Phase I Pilot Study Completed

An additional Phase I (PILOT) study has been recently completed to explore the safety and efficacy of IMAB362 in combination with immunomodulation agents in patients with advanced gastrointestinal adenocarcinomas ( Identifier: NCT01671774). Results will be presented soon.

Pancreatic Cancer

Pancreatic cancer is one of the deadliest cancers with a one-year relative survival rate of less than 20% and a five-year survival rate of less than 4%. In non-clinical studies, IMAB362 efficiently lysed CLDN18.2 positive pancreatic cell lines in vitro and significantly reduced tumor size and increased survival of in vivo xenograft mouse models injected with CLDN18.2 positive human pancreatic adenocarcinoma cells. IMAB362 has received orphan drug designation in Europe and the US for pancreatic cancer Ganymed is planning to initiate clinical studies in the future. This would allow IMAB362 to treat a patient population where there is an extremely high medical need for more effective therapies.

Other Cancers

Many cancers are highly heterogeneous diseases comprising of small subpopulations of patients that specifically express one or another drugable target. Impressive response rates have been observed with some anticancer drugs even if their target is expressed in only a small percentage of patients.
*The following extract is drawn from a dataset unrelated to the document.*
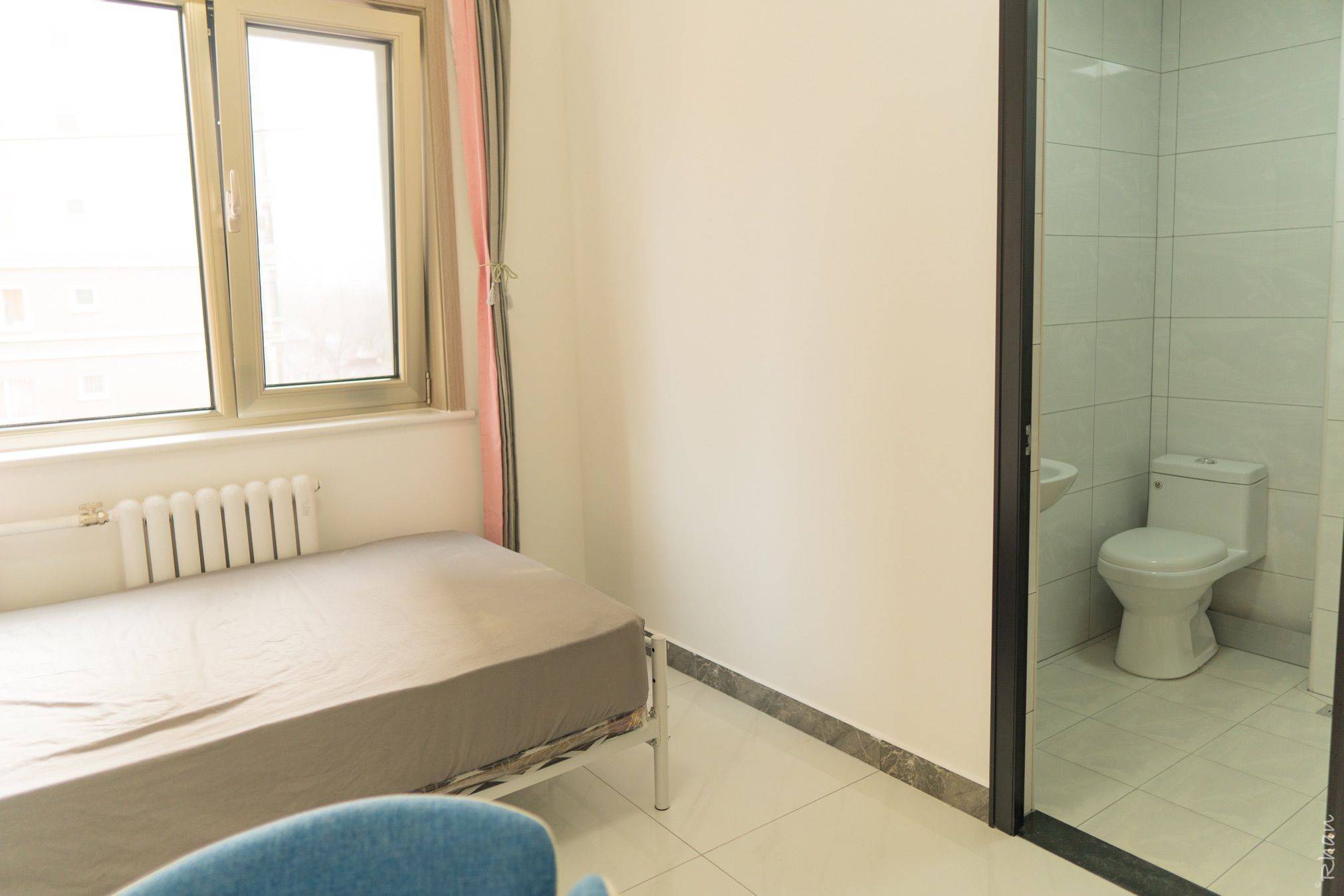 Beijing-Changping-Cozy Home,Clean&Comfy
CLDN18.2 expression has been observed in distinct subsets of individuals with non-small cell lung carcinoma (<5%), ovarian cancer (<10%), and colon cancer (<5%). CLDN18.2 is also found in several forms of biliary ductal carcinomas which are uncommon, but serious types of cancers. Line extension of IMAB362 into these indications may provide these subgroups of patients with important therapeutic benefits and broaden the use of IMAB362 in cancer treatment.